Het is de som van alle prijzen.
Je hebt
€
20,00 betaald.
Het getal
€
1,30 is het bedrag dat je terugkrijgt.
Het is het verschil van 20,00 en 18,69.
Je gaat naar de supermarkt. Je koopt:
een pak melk van € 1,39
een reep chocola van € 0,99
een blikje cola van € 0,75
Welk bedrag moet je in het totaal betalen? (Je hebt natuurlijk geen rekenmachine bij je in de winkel!)
De kassière gebruikt wel een rekenmachine (de kassa). Ga met de rekenmachine na of je antwoord bij a klopt.
Je betaalt met een briefje van € 5,00. Hoeveel geld krijg je terug? Reken eerst zonder rekenmachine, controleer het antwoord daarna met de rekenmachine.
In een schaatstoernooi worden vier afstanden gereden.

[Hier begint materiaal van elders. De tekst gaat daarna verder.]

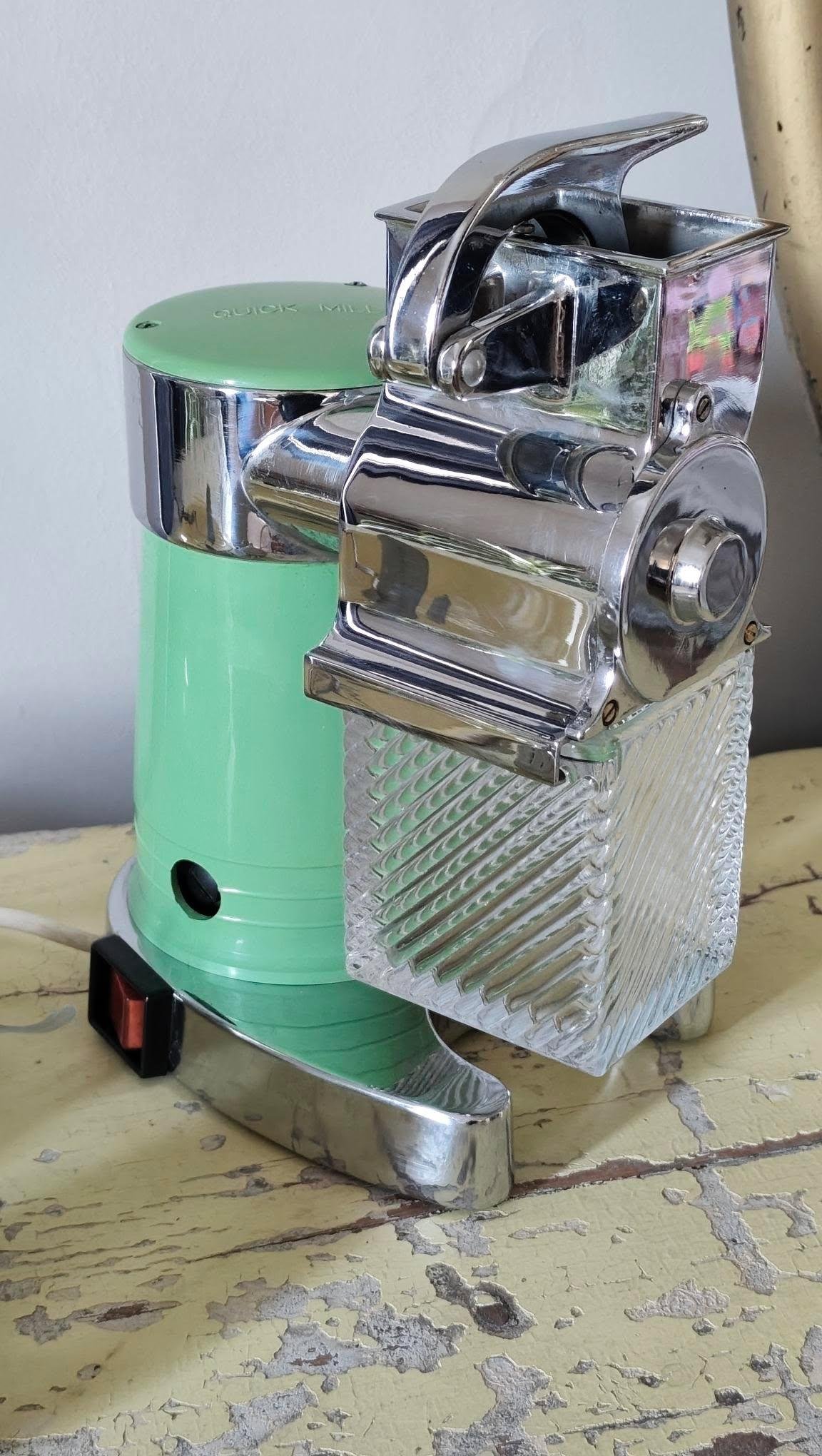 Râpe à fromage électrique vintage Quick Mill – Vert Pop & Chrome – Italie, années 60/70 – Image 2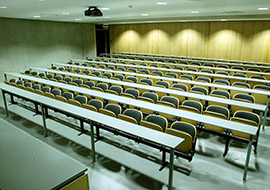 Klassenzimmer und Universitätsbänke mit Tisch LaMia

De heren schaatsen de 10.000 m, de 5000 m, de 1500 m en de 500 m. Welke afstand legt elke schaatser in totaal af in dit toernooi?
De dames schaatsen de 5000 m, de 3000 m, de 1500 m en de 500 m. Welke afstand legt elke schaatsster in totaal af in dit toernooi?
Hoeveel verschillen de totale afstand van de mannen en die van de vrouwen?